C'est toujours avec beaucoup de bonheur que nous accueillons un nouvel album de Syndone, ponctuel et fidèle à sa règle immuable d'une sortie tous les deux ans. Un bonheur teinté d'une légère impatience anxieuse. Car, si Syndone nous a habitués à des disques de très haute tenue, positionnant le groupe parmi les meilleures formations de musique progressive actuelles, son dernier album, "Eros & Thanatos", tout en restant très bon, semblait un peu moins inspiré et maîtrisé qu'à l'accoutumée, faisant craindre que la mécanique si bien huilée se soit soudain grippée.
Le premier titre, 'Medea', se charge immédiatement de faire taire notre pointe d'inquiétude.
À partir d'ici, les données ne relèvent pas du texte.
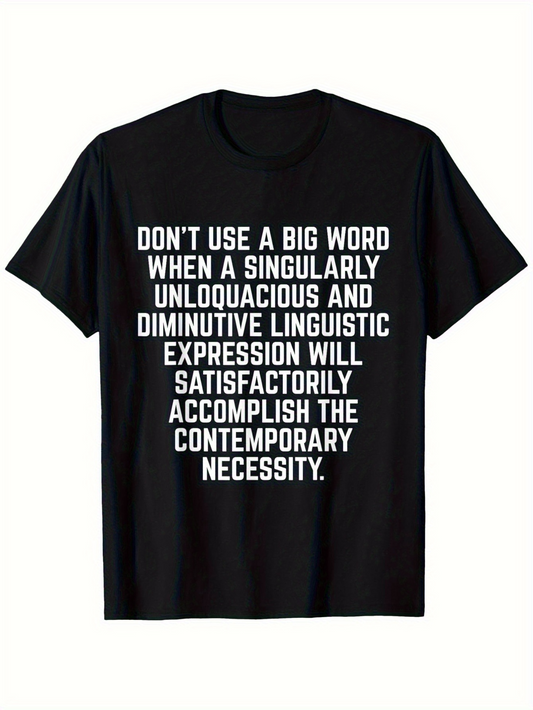 Men's Graphic T-Shirt Dont Use A Big Word White Bold Typography On Black Shirt With Clean Centered Letters Statement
Ce morceau instrumental qui permet avant tout aux musiciens de se présenter, chacun à son tour s'exprimant dans un court passage soliste, mêle dans une mélodie rapide et séduisante instruments électriques et orchestre symphonique, très présent sur tout l'album, passant avec aisance d'un piano romantique à un jazz-rock syncopé.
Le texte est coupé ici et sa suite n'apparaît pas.